材料技術開発推進部(有機材料) 主幹技師 御船 直人

 地球環境規格ISO4000とは現在の生活環境を将来の子孫へも、レベルを低下させることなく引き渡すために、技術開発についても「持続ある発展」を目指すことを主眼として制定された規格です。具体的には、省エネルギー、リサイクルなどを含んでいます。ここでは、このISO14000と鉄道技術との関連を考察します。



鉄道電力における省エネルギー


電力技術開発推進部 部長 大浦 泰

 近年のエネルギー問題がクローズアップしてきた状況において、鉄道のエネルギー効率が良好であることから、地球環境の面からも鉄道が再認識されてきている。鉄道エネルギーの大半を占める電力量は、平成7年度において、JR・公民鉄を含めその使用量は210億kwhで、日本の総発電量8,000億kwhの約3%となっている。また、JR7社の電気料金は約1,362億円で、7社の運輸収入4兆500億円の約3.4%が電力料金となっている。他の輸送機関に比べエネルギー消費は少ないが、鉄道電力分野においても、省エネルギー技術の進展とピーク負荷の平準化を目標に開発を進めており、それらの概要についても述べる。



電気車の省エネルギー


車両技術開発事業部(駆動制御) 主幹技師 渡邉 朝紀

 電気車の省エネルギー技術は、10年ほどの間に大きな進展をみた。新製電気車はほぼすべてインバータ制御になり、電力回生ブレーキがよく使われる。最近の新幹線電車の走行抵抗は低く、500系新幹線電車は、0系新幹線電車の速度230km/hより少ないエネルギーで速度300km/hで走行している。通勤電車でもいろいろな工夫により更に省エネルギー運転の可能性がある。



車両用材料のエコマテリアル化


材料技術開発推進部(摩擦材料) 主幹技師 辻村 太郎

 地球環境問題の深刻化に対応して、各分野で使用する材料は、原料の採取から使用後の廃棄までを通しての環境への影響を考慮した材料の選択が求められ、また環境負荷の少ない材料の開発や使い方が求められている。ここでは、このエコマテリアル化の考え方を紹介するとともに、この観点に立ち今後の鉄道車両用材料について述べる。
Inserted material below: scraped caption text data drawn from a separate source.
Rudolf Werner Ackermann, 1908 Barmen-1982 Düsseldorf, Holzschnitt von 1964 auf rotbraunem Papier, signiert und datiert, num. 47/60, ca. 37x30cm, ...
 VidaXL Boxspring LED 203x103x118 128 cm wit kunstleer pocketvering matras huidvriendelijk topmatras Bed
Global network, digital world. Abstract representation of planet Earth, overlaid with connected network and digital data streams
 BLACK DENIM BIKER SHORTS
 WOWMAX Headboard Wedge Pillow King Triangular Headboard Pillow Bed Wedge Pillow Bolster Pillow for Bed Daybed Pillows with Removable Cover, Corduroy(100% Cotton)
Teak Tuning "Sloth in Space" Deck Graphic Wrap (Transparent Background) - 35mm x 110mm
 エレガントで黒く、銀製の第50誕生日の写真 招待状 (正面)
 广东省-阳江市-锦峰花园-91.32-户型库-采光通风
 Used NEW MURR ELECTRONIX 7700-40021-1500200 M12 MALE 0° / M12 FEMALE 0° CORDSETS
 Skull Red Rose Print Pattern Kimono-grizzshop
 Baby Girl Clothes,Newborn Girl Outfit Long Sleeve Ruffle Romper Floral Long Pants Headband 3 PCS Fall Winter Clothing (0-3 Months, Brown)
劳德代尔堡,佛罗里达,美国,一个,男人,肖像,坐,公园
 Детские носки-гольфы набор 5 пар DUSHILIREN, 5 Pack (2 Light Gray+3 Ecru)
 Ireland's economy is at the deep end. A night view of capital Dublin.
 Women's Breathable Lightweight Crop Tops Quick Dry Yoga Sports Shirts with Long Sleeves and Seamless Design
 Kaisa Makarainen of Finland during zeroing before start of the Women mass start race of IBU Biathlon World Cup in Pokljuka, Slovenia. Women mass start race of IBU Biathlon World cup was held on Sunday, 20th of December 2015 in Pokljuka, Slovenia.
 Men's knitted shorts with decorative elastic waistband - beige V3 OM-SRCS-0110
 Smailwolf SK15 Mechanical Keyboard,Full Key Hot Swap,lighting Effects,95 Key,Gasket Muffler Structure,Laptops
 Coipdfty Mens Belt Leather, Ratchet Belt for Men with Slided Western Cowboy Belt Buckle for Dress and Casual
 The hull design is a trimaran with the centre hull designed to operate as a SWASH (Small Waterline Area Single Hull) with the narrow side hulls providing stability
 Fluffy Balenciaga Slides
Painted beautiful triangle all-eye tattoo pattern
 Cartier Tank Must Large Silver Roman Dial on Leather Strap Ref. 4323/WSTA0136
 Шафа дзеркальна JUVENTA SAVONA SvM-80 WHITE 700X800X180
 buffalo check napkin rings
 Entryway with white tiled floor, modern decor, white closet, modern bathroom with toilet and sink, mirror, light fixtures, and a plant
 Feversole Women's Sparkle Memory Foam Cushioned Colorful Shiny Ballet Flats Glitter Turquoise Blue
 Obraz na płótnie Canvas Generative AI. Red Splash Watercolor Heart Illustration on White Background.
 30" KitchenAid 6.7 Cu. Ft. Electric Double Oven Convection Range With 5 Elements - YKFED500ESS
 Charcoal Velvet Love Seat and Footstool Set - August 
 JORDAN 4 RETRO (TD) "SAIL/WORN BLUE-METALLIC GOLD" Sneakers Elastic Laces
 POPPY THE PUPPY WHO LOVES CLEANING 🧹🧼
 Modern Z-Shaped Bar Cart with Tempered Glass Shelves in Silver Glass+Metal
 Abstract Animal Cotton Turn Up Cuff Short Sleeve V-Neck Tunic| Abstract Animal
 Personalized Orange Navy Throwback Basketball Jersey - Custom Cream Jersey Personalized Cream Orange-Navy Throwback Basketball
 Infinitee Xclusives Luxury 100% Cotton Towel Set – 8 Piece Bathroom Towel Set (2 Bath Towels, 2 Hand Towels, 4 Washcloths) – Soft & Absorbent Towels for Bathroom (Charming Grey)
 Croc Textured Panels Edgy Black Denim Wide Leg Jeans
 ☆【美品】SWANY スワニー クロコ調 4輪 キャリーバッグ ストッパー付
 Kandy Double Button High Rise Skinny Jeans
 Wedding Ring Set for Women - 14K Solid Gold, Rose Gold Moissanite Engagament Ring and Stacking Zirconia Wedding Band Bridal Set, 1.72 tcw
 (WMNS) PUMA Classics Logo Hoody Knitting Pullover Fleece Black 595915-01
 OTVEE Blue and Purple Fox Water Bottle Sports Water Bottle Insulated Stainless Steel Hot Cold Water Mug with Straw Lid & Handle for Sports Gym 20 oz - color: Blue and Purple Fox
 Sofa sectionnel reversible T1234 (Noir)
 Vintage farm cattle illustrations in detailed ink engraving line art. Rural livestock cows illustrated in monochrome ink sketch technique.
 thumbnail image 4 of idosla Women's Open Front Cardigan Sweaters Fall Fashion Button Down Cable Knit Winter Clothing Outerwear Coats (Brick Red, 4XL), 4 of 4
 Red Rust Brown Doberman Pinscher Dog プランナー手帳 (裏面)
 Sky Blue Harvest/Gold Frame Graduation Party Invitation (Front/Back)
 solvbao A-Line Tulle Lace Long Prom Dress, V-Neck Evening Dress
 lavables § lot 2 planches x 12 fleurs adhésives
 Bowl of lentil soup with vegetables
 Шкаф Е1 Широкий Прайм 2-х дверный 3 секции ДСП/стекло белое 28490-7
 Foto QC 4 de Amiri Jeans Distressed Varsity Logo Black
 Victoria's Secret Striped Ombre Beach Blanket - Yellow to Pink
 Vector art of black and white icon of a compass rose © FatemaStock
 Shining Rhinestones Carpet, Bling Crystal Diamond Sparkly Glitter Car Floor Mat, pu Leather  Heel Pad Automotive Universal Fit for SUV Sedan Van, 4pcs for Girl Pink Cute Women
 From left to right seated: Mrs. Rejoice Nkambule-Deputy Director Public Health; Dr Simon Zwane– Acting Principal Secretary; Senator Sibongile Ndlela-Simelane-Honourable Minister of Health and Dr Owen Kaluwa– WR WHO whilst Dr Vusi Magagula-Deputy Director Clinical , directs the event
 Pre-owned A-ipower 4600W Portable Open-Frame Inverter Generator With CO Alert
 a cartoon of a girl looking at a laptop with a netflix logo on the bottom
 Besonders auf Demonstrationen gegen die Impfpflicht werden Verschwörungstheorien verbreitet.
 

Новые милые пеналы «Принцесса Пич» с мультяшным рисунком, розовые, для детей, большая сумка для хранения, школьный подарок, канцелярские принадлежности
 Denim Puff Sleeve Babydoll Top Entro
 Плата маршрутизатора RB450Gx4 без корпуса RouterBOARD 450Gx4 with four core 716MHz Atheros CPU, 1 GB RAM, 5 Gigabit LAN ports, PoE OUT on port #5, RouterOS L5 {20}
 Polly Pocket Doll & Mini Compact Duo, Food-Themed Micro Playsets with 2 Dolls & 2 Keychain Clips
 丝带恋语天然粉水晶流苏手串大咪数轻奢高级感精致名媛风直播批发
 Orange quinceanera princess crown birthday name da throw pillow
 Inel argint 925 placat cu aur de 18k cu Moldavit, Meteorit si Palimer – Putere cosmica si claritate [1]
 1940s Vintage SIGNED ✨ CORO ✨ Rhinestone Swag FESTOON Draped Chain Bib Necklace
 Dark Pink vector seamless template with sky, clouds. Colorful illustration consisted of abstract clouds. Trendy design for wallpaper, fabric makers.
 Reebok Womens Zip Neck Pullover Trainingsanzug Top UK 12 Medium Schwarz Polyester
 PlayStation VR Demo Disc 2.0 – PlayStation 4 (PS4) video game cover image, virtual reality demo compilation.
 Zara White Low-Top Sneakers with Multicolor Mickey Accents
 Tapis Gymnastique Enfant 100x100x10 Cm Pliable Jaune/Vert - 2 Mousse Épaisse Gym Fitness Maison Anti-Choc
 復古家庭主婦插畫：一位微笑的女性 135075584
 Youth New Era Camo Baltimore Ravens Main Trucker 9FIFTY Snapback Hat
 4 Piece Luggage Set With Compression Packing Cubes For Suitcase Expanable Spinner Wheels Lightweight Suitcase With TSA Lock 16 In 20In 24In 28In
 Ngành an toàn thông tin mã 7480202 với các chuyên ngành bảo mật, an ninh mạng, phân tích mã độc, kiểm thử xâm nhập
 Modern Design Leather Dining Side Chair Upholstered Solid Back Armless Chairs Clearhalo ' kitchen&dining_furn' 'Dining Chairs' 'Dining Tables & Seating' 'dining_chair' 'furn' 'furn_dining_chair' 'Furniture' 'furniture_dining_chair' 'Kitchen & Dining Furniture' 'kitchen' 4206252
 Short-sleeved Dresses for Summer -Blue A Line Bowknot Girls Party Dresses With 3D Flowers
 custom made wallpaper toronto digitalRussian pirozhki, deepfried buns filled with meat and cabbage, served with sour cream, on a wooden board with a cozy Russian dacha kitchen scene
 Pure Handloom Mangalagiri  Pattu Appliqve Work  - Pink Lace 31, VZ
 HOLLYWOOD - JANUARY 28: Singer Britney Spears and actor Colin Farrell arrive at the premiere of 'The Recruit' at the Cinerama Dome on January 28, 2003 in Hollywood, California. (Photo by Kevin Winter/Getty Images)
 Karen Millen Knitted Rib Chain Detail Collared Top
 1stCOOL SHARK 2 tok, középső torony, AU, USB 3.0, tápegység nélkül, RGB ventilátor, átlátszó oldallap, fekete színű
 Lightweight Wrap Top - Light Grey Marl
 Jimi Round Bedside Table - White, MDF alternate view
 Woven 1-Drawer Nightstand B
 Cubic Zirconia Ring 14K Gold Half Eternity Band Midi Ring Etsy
ライフサイクルアセスメント(LCA)とその車両への適用


材料技術開発推進部(摩擦材料) 技師(主席) 土屋 広志

 ある製品のライフサイクル全体の環境に対する影響の評価、環境負荷低減のための意志決定支援ツールとしてLCA(Life Cycle Assessment)が注目されている。これは、環境負荷を定量的に評価する有効な手段ではあるが、その手法自体はまだ確立されていないのが現状である。そこで、鉄道車両に関するLCAの今後の発展の基礎とするために、主に0系新幹線車両を対象として、LCAに対する事前調査を実施した。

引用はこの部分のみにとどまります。